Automatic Installation

If for some reason the automatic installation doesn't work, refer to "
Manual Installation."

The examples here show an Apache server installed as described in, Apache Installation, and, Configuring Apache. The host name, directories, and user and group names may be different.

  1. Log in as the superuser and start the install script.
    $ su
    Password:
    # perl install
    
  2. The install script will search for the Web server and its configuration If the system has more than one Web server the install script will ask which to use. This step can take several minutes.
    OnSearch installation.  If this program can't determine the site
    configuration, read INSTALL.html.
    
    NOTE: If you've already installed OnSearch, make a backup copy.
    Press [Ctrl-C] to exit now if necessary.
    
    The Web server is /usr/local/apache2/bin/httpd.  Is this correct (y/n)?
    y
    The Web server's configuration file is /usr/local/apache2/conf/httpd.conf.  
    Is this correct (y/n)?
    y
    Configuring for /usr/local/apache2/bin/httpd and /usr/local/apache2/conf/httpd.conf.
    
  3. The install script finds the settings it needs from the Web server's configuration. If you're not certain that the settings are correct, determine that the settings in httpd.conf are also correct.

    Note: The install script will also warn you if the Web server is not configured to handle CGI scripts and Server Side Includes. You must make the necessary changes to httpd.conf before using OnSearch.

    The following values were found:
    The Web site's name is owl.local.net.
    The Web site's document directory is /usr/local/apache2/htdocs.
    The Web server's version is 2.0.54.
    The Web server's directory is /usr/local/apache2.
    The Web server's process owner is apache. 
    The Web server's port is 8090.
    
  4. The install script then verifies the directory where it should install OnSearch. Refer to Manual Installation if you want to install OnSearch elsewhere.
    I'm going to install OnSearch in /usr/local/apache2/htdocs/onsearch.  Is this okay (y/n)?
    y
    
  5. The install script installs the OnSearch program, documentation, and libraries, and verifies the location of the top-level document directory.
    OnSearch will use /usr/local/apache2/htdocs as its top-level document directory.  
    Is this okay (y/n)?
    y
    
  6. The install script then checks for Perl and the GNU C Compiler. They must be present or the script will not continue.
  7. The installation script then creates the necessary directories, configures and builds the program files, and sets the application's file and directory permissions.
    Creating directories.
    Copying files.
    Building indexing daemon.
    Setting permissions.
    
  8. Then the install script asks if you want add directory wrappers for the OnSearch directories. They are necessary to set the correct permissions for OnSearch and enable passwords for the, "Admin," page.

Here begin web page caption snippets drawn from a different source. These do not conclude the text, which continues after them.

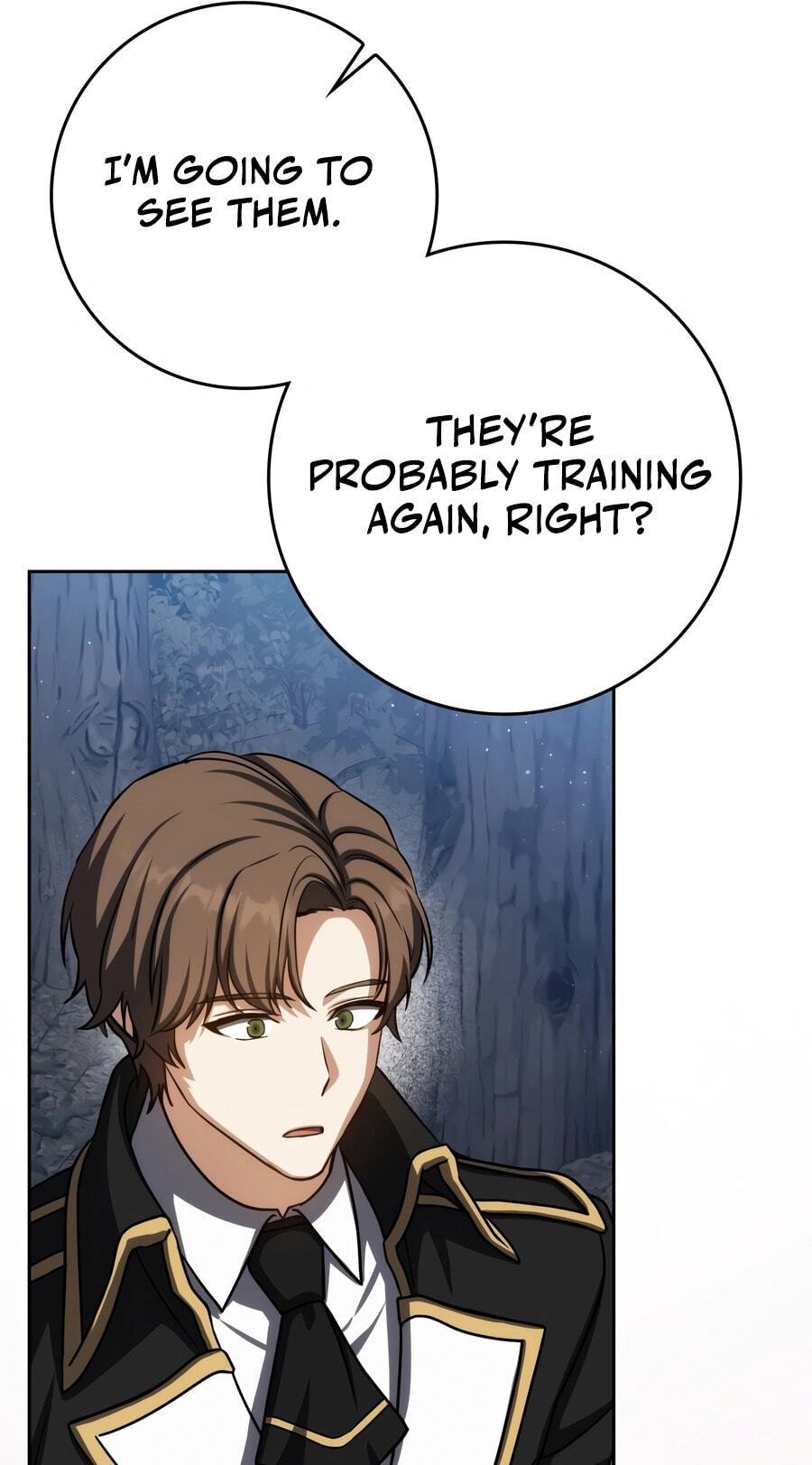 The Reincarnated Assassin Is a Swordmaster Chapter 91 page 89 - 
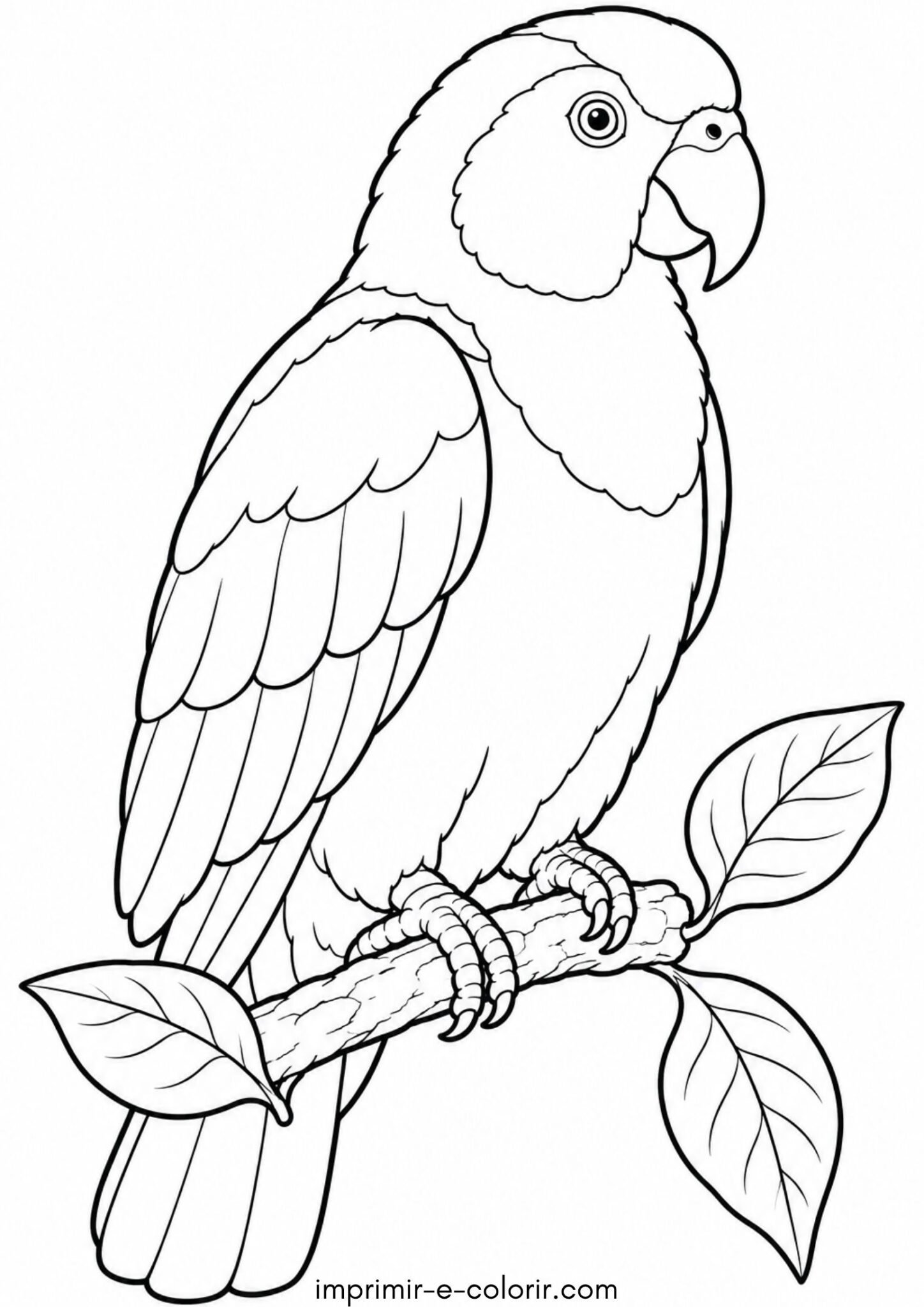 Desenhos de Pássaro – Papagaio-verdadeiro para Colorir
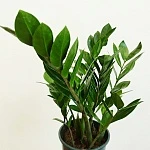 Замиокулькас Лакки d14/h45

    Note: The installation's administrator user name is, "onsearch," password, "onsearch." You should change them to your own user name and password by editing /usr/local/etc/onpasswd and /usr/local/etc/ongroup. Refer to the manual page for Apache's htpasswd program for instructions to set the password.

    I'm going to add OnSearch's configuration to /usr/local/apache2/conf/httpd.conf.
    I'll copy the original httpd.conf file to httpd.conf.onsearch-save.
    
    You can skip this step, and then configure the Web server
    manually, using the template in doc/conf.tmpl.
    Should I continue (y/n)?
    y
    
    I'm going to add password authentication information to your Web
    server configuration and then try to restart the server.
    
    With authentication enabled, users must enter a user name and password
    to perform administrative tasks.  For passwords to work the Web server
    must include mod_auth in its configuration.
    
    During the process, the installation will copy your old 
    /usr/local/apache2/conf/httpd.conf to /usr/local/apache2/conf/httpd.conf.onsearch-save, 
    so you can restore your previous configuration if necessary.
    
    You can skip this step, but then you will not have password protection
    for administrative tasks.
    
    Should I continue (y/n)?
    y
    
    
    .
    .
    .
    
    Done. If the installation was correct, you should be able to browse to
    
    http://owl.local.net:8090/onsearch/index.shtml
    
    The OnSearch User Guide, 
    
    http://owl.local.net/onsearch/doc/userguide.html
    
    describes how to index files and start using OnSearch.
    
    
  9. You should now be able to browse the URL given by the install script (which uses your Web server's name instead of the server given in the example above). If the Web server's configuration is correct, you should see OnSearch's main Web page. If you encounter an error, refer to Manual Installation and Configuring Apache.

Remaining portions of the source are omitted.